*** Data below Section Begins ***
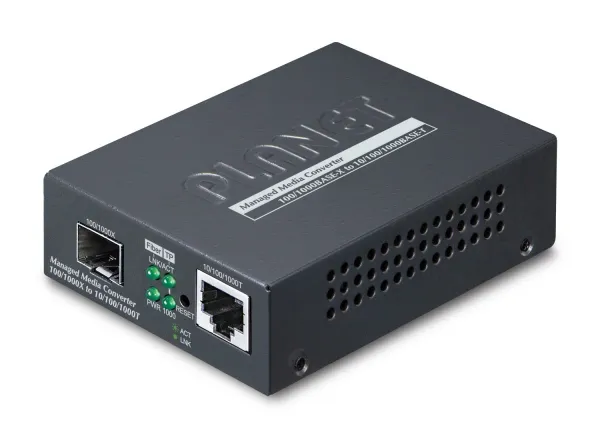 PLANET Web/SNMP Man convertidor de medio Negro GT-915A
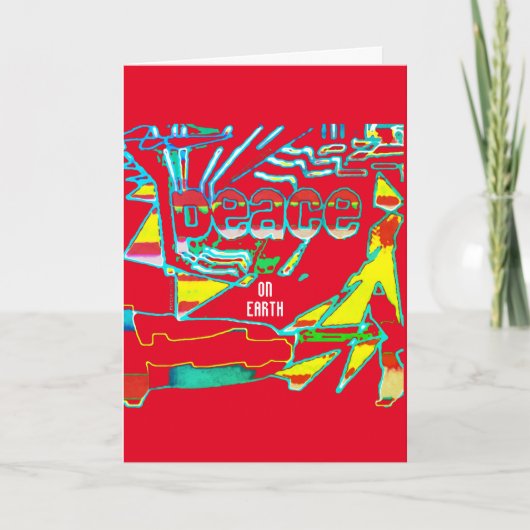 Vrede op Aarde IBlue Yellow White op rood Abstract Kaart (Voorkant)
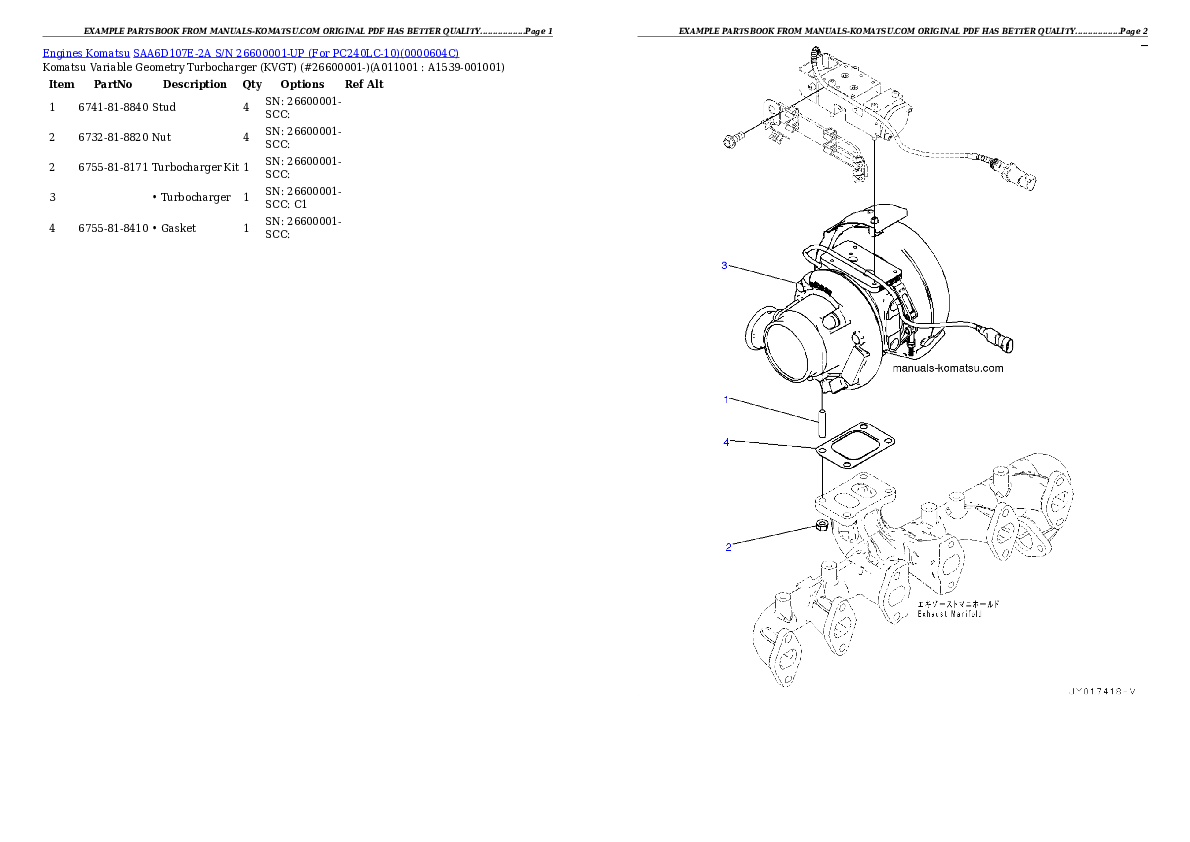 Protected: SAA6D107E-2A S/N 26600001-UP (For PC240LC-10) Partsbook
*** Data below Section Ends ***
_Requirement_
Print the data above in full and exactly as it appears, skipping the pictures.

_Exercise response_
 PLANET Web/SNMP Man convertidor de medio Negro GT-915A
 Vrede op Aarde IBlue Yellow White op rood Abstract Kaart (Voorkant)
 Protected: SAA6D107E-2A S/N 26600001-UP (For PC240LC-10) Partsbook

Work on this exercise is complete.